Though the instinct to cast him as Rane seems off, Tommy Lee Jones is an absolute nightmare as Sergeant Vohden, staring past the existences of his friends and family toward the battlefield he left behind. Where Rane is at least able to partially normalize (despite some admitted rustiness on his small talk), Vohden can’t even bear the inconsequential nature of chit chat. When Rane arrives unannounced to pick him up for their “mission,” it’s possibly the only time Schrader’s examination of nationalist racism is retained, as the rest of his people discuss why they should or shouldn’t buy cars and televisions from “the Japs” (the patriarch and presumed WWII veteran is unquestionably against it). The race of Major Rane’s targets is never directly addressed; a mixture of anonymous white and Mexican men with silly criminal names like T-Bird and Automatic Slim. All that matters is what they did to his son, and once Rane delivers the news that he knows where they live, a light switches on behind Vohden’s black, lifeless eyes. “I’ll just get my gear,” he says, ready to go out in a blaze of glory ‘Nam never afforded him. Jones’ mechanical movements are chilling; doubly so when it’s clear he revels in the violence he’s called on to carry out.

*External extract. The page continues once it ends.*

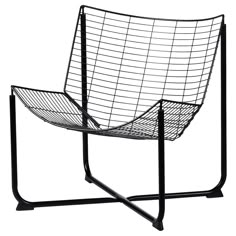 a black and white photo of a wire chair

“Why do I always get stuck with crazy men?” Rane’s companion shouts at one point, to which he says, “because that’s the only kind that’s left.” While Schrader’s original subtext regarding bigotry may have been lost thanks to producer meddling, Flynn’s film is still commenting on a world gone mad courtesy of combat. Whether you went “over there” or stayed home, the war completely distorted your worldview and basic human values. Heroes we once looked up to are really nothing more than traumatized men, looking to settle a score. Once that kill is made, there isn’t an enemy left for these boys to engage. They’re once again robbed of a sense of self; brainwashed into iron-jawed murder machines ready to be fed a subsequent target. For there is no going back once you’ve learned what it takes to emerge from battle seemingly unscathed. Almost a decade later, John J. tells us “to survive a war, you’ve gotta become war,” in First Blood: Part Two (’85). Rane was his prototype; a tin man who would never rediscover the heart he lost, and can now possibly only fill the void where it was by standing over the gravestones of his adversaries. We all died in Vietnam.
*With his song “San Antone”, which would be later be used by William Peter Blatty in his own PTSD nightmare, The Ninth Configuration.
**” The Gold Watch” speech isn’t the only debt QT owes this movie, as he used to operate a mostly repertory DVD line called Rolling Thunder Pictures.
Rolling Thunder is available now on Blu-ray, courtesy of Shout Factory.